La unión ciudadana, la fuerza contra la Covid-19
Después de aquellos meses, el local de Cáritas se adecuó para cumplir las medidas de seguridad y distanciamiento social. En la puerta se pueden apreciar dos mamparas separadoras junto a dos mesas, para facilitar el reparto.
También hubo que reestructurar el almacén. Cuando llegó la pandemia, había provisiones del Fondo de Ayuda Europea para las Personas Más Desfavorecidas (FEAD). Pero se fueron reduciendo poco a poco.
Por ello, muchas empresas y asociaciones de la localidad se han acercado hasta esta sede con sus propios coches, furgonetas y camiones cargados de alimentos. Tenían que llevar los kilos y kilos de comida en varios viajes, porque el almacén no daba para más. La ayuda del Ayuntamiento de Arganda ha sido de las más importantes, según el párroco.

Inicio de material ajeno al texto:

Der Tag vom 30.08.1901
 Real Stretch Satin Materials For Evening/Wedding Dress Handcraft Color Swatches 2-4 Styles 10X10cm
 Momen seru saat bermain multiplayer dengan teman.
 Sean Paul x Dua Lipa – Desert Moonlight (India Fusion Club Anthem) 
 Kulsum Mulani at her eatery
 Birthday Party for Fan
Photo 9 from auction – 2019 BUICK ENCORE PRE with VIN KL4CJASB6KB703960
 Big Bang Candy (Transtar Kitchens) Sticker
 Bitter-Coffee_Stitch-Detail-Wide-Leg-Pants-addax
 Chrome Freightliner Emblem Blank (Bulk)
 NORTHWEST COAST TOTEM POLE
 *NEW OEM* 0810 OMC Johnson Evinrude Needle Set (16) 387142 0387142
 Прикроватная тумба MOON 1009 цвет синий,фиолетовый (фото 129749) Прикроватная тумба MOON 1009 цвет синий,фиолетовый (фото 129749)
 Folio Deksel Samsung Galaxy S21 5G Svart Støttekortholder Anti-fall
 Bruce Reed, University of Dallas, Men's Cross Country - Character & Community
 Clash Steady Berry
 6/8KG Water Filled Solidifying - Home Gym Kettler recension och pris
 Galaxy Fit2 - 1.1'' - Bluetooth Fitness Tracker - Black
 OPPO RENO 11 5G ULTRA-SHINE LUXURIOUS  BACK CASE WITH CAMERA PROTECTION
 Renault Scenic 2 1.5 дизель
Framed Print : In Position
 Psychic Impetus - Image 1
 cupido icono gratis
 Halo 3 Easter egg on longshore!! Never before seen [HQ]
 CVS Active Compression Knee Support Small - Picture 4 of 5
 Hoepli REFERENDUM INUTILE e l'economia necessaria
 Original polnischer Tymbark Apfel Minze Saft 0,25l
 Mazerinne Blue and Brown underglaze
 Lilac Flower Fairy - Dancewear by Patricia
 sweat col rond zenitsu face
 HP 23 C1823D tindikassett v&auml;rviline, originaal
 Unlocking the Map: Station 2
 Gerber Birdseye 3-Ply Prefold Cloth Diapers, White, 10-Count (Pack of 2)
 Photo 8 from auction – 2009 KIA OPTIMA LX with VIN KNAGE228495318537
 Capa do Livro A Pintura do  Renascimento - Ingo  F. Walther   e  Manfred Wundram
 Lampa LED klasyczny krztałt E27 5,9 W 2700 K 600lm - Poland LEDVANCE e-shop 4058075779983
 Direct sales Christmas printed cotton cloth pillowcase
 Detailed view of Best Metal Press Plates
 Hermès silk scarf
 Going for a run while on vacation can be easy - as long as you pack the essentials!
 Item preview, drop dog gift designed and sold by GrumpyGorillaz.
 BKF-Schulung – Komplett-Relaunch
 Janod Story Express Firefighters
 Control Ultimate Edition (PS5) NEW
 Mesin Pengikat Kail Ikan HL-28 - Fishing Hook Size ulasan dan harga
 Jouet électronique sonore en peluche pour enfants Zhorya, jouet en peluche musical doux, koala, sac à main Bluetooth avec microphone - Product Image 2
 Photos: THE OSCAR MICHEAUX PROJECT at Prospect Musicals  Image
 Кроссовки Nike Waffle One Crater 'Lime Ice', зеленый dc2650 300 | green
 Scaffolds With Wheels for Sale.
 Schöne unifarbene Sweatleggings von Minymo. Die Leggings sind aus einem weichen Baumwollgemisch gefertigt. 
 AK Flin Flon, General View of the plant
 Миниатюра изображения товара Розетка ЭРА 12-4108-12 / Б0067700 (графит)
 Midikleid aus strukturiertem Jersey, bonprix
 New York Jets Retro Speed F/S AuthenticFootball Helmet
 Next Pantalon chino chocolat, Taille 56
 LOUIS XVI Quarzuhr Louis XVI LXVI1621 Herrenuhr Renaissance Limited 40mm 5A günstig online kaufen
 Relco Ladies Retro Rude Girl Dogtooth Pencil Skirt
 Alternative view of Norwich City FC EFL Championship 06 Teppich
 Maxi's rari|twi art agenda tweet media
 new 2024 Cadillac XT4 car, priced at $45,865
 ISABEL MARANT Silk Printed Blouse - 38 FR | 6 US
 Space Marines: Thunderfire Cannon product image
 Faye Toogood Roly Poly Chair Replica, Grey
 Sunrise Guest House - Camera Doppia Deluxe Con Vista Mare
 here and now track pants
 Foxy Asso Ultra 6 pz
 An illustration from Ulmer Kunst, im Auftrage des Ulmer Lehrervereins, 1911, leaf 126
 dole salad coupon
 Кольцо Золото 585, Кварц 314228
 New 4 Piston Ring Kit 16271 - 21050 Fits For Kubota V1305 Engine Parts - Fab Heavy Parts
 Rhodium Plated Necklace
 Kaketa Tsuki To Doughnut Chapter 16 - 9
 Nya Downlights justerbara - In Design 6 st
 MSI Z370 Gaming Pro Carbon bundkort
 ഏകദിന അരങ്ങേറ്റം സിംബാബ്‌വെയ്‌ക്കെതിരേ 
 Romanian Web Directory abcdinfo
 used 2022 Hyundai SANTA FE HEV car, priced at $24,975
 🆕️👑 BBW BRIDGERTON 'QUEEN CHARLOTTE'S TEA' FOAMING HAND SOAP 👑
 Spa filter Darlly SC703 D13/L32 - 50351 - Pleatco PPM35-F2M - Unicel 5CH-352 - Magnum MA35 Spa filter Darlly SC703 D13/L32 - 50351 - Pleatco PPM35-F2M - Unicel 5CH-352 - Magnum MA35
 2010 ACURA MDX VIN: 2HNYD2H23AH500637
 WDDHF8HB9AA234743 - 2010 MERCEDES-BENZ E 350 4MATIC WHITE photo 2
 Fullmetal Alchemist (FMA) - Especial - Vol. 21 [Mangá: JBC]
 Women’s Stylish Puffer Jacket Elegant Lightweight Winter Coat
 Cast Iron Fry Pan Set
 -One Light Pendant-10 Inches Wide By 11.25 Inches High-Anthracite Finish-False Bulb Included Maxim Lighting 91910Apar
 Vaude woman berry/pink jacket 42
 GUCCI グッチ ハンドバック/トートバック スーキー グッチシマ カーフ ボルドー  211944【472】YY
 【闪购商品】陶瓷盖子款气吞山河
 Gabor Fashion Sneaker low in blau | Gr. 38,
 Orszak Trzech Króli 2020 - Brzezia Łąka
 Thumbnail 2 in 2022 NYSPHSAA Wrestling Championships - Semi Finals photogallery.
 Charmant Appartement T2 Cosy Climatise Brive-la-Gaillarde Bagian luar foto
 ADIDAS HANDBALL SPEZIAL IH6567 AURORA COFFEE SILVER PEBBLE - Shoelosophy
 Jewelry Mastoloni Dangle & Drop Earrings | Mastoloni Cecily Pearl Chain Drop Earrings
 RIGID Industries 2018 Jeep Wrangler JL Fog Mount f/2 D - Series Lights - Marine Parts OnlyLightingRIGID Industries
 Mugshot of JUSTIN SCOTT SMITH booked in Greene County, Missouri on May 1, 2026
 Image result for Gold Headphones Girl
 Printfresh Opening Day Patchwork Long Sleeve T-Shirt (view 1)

Pero la inmensa mayoría de las donaciones procedía de particulares. ‘Héroes’ anónimos, vecinos y vecinas, que iban a hacer la compra y destinaban algunas bolsas para Cáritas. Este pequeño gesto ha sido el alivio de muchas familias del municipio que han podido sobrevivir a una crisis económica y social sin precedentes.
En la crisis de la Covid-19, la unión sí ha hecho la fuerza, sobre todo la unión de la ciudadanía. “Todos hemos estado muy unidos. Yo creo que por eso hemos salido adelante”, insiste María Ángeles después de relatar su experiencia durante estos meses. Una experiencia que, al fin y al cabo, nunca olvidarán.